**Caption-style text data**
● ● ● ●

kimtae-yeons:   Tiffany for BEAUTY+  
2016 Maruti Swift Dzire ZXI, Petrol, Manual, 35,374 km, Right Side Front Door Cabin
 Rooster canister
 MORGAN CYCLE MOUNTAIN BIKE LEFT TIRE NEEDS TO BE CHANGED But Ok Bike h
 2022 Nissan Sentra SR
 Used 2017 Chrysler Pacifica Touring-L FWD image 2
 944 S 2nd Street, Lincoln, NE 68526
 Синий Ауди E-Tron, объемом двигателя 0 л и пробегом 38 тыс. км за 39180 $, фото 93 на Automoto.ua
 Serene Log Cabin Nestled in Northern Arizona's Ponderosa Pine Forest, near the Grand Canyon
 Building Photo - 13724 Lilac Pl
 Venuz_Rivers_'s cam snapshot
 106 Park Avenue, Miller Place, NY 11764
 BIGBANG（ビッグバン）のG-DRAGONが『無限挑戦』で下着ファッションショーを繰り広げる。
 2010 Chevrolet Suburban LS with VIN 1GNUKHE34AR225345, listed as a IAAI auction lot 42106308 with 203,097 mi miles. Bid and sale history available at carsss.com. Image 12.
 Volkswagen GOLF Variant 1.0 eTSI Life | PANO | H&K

● ● ● ●

**TASK INSTRUCTIONS**
Set down exactly, and only, the lines of the data above from the line containing "Venuz_Rivers_'s cam snapshot" through the last one.

**RESULT**
 Venuz_Rivers_'s cam snapshot
 106 Park Avenue, Miller Place, NY 11764
 BIGBANG（ビッグバン）のG-DRAGONが『無限挑戦』で下着ファッションショーを繰り広げる。
 2010 Chevrolet Suburban LS with VIN 1GNUKHE34AR225345, listed as a IAAI auction lot 42106308 with 203,097 mi miles. Bid and sale history available at carsss.com. Image 12.
 Volkswagen GOLF Variant 1.0 eTSI Life | PANO | H&K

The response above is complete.